Exercise brief => When you repeat the material, keep each line exact and omit the pictures.

Recorded data =>
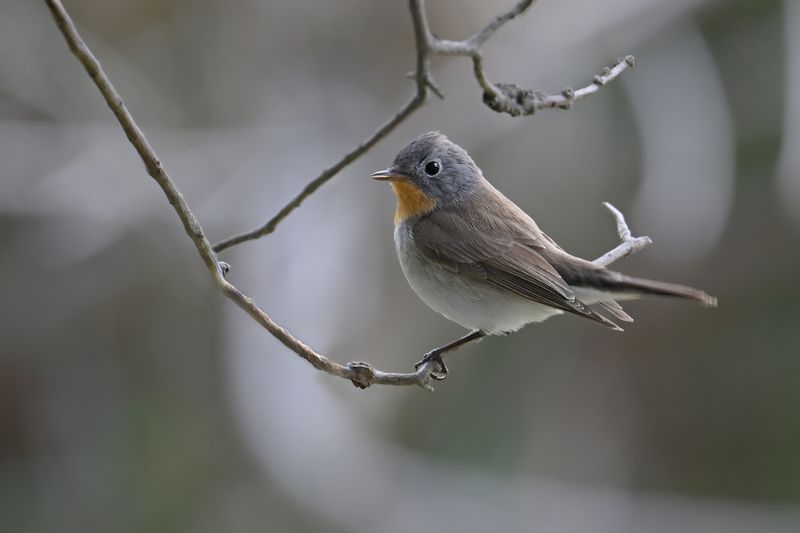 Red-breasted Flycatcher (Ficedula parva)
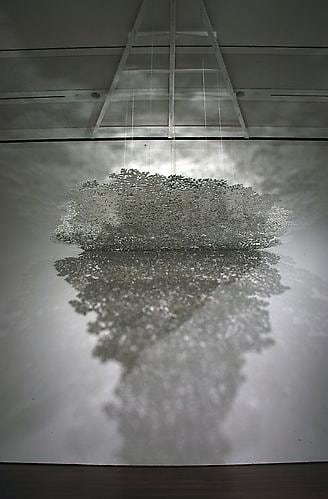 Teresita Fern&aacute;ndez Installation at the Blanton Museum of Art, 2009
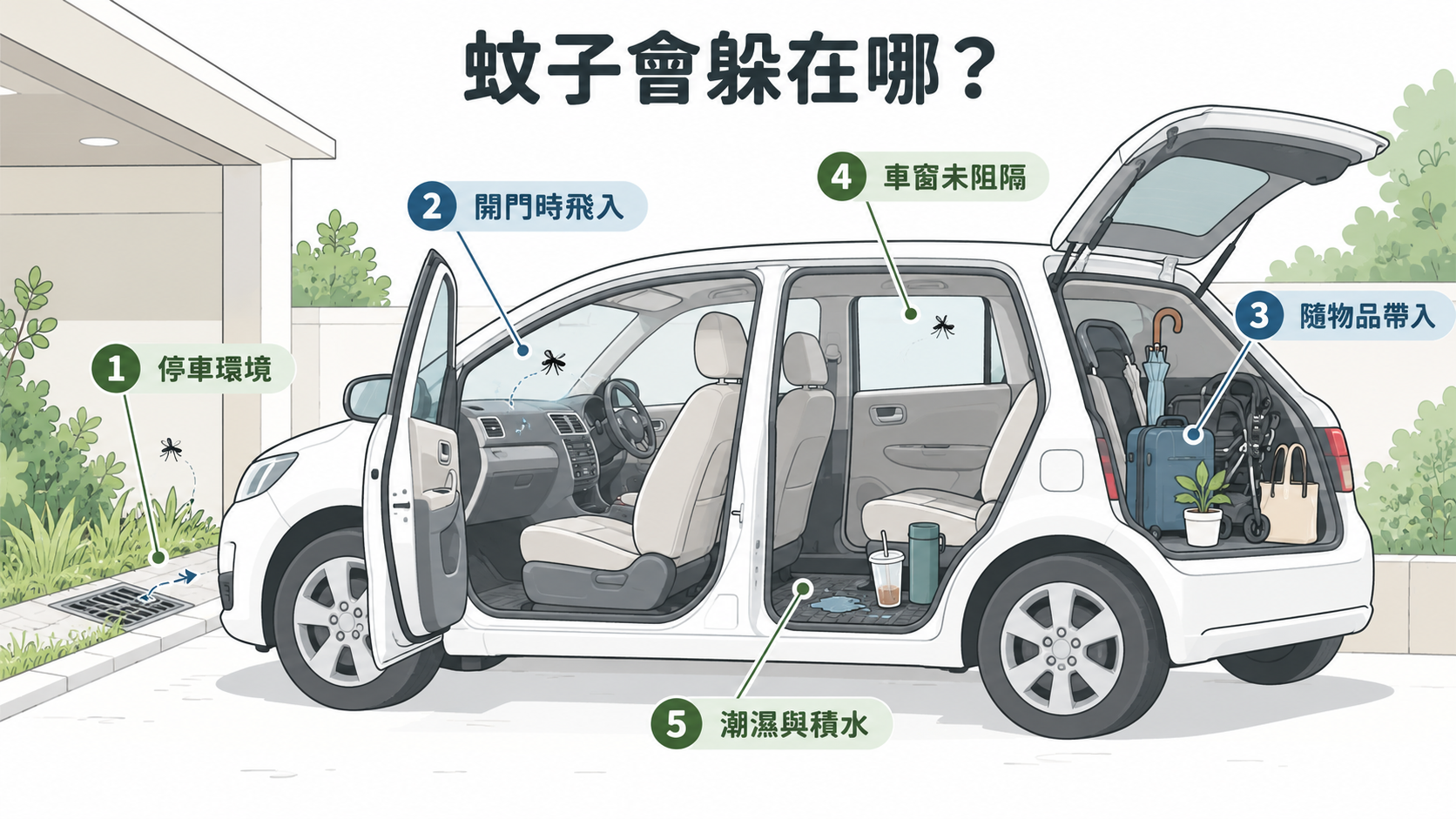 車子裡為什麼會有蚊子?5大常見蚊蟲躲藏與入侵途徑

Written response =>
 Red-breasted Flycatcher (Ficedula parva)
 Teresita Fern&aacute;ndez Installation at the Blanton Museum of Art, 2009
 車子裡為什麼會有蚊子?5大常見蚊蟲躲藏與入侵途徑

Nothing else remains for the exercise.